How Much is a CAPTCHA Worth?
About a year ago, maybe earlier, various low-budget outsourcing/freelancing sites started advertising for CAPTCHA-breaking services. Recall, a CAPTCHA is a Completely Automated Turing Test to Tell Computers and Humans Apart, developed by Luis von Ahn. For example, if you want to post a comment on an article in this blog, you are required to take a little image-recognition (or audio-recognition) test, carefully designed to be too hard for computers to solve. (It turns out that in the process you are also helping to digitize the world’s books, but that’s another story…) If you pass the test, then the server assumes that you are human instead of a bot, and let’s you comment to your heart’s content. This has been a great boon to many, many web sites. For example, facebook uses CAPTCHAs to prevent people from creating millions of accounts.
I actually didn’t know about the freelancing opportunities until Luis von Ahn pointed it out to me a few weeks ago, but it isn’t surprising. CAPTCHAs are a commercial success precisely because they are protecting valuable resources, and so of course there would be value in breaking them. So, just what is the value of a CAPTCHA? Well, I’ve been monitoring the prices at GetAFreelancer.com for the past few weeks. For the reverse auctions that have closed in this period, the prices look to be in the range of $0.002 to $0.003 per CAPTCHA. If you are a kid with an Internet connection, anywhere in the world, you can make on the order of $1/hr, assuming you are doing the CAPTCHA-breaking manually at the rate of about 10 seconds per CAPTCHA.
Of course, if you have software that can break CAPTCHAs automatically, the economics changes drastically. But the outsourcing market prices seem to show that such software doesn’t exist or, if it does, it is either ineffectively or highly unavailable.
Interestingly, there is a current listing on GetAFreelancer.com for CAPTCHA entry with a listed price of $1 per CAPTCHA. Makes one wonder what the application is in this case, that the value would be so high…

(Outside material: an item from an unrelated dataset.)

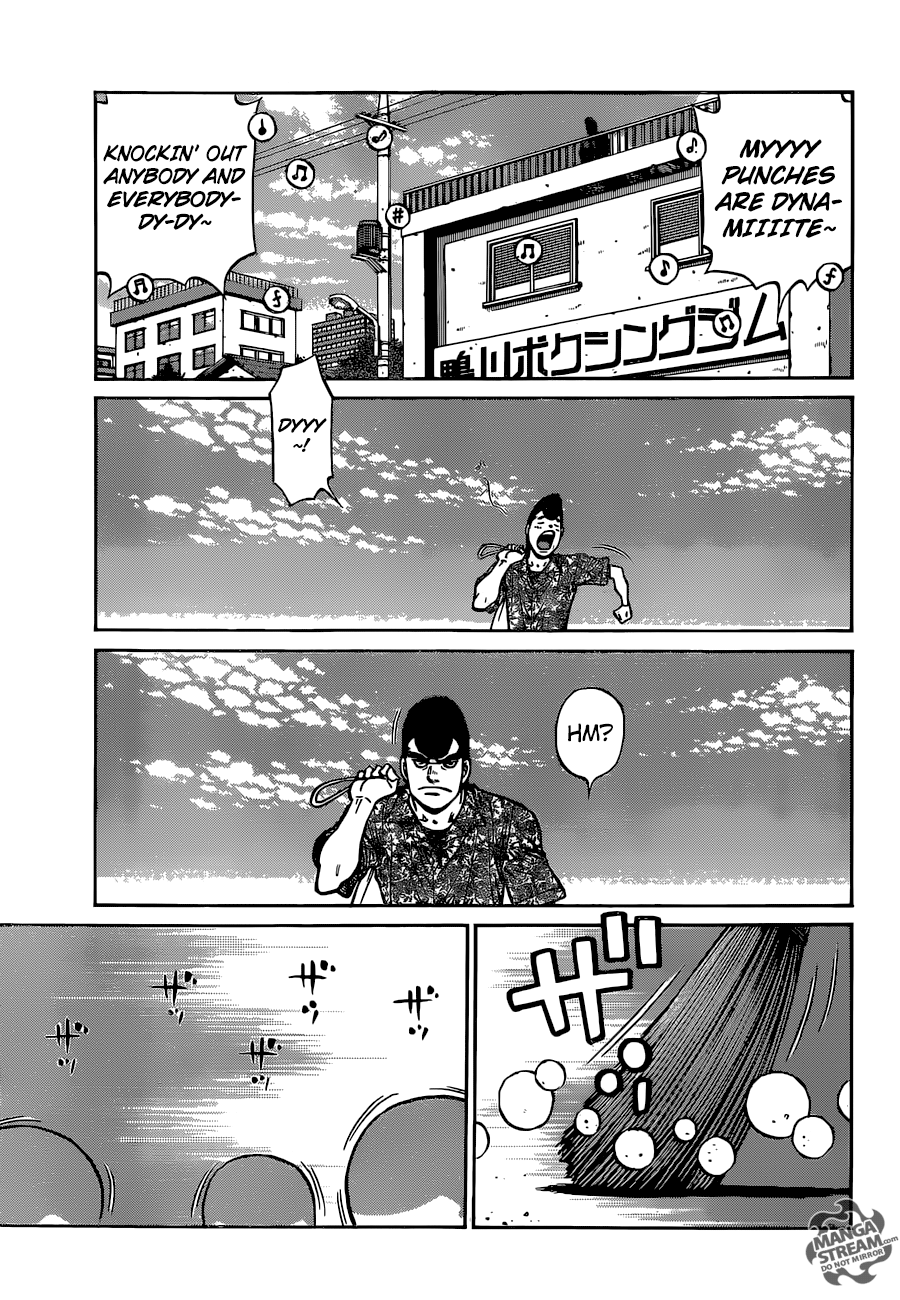 Hajime no Ippo – The First Step chapter 1249 page 10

Happy New Year, Everyone! I’ll be taking off for Tokyo on New Year’s Eve for a couple of days off, and then on to Taipei for a conference. After that, back to Seattle for a visit to Microsoft and a CMU Alumni event. I’ll try to post pictures…
Peter Lee @ December 29, 2007
It is very interesting that once technology is created there is always a market for breaking the advancement (the anti-technology).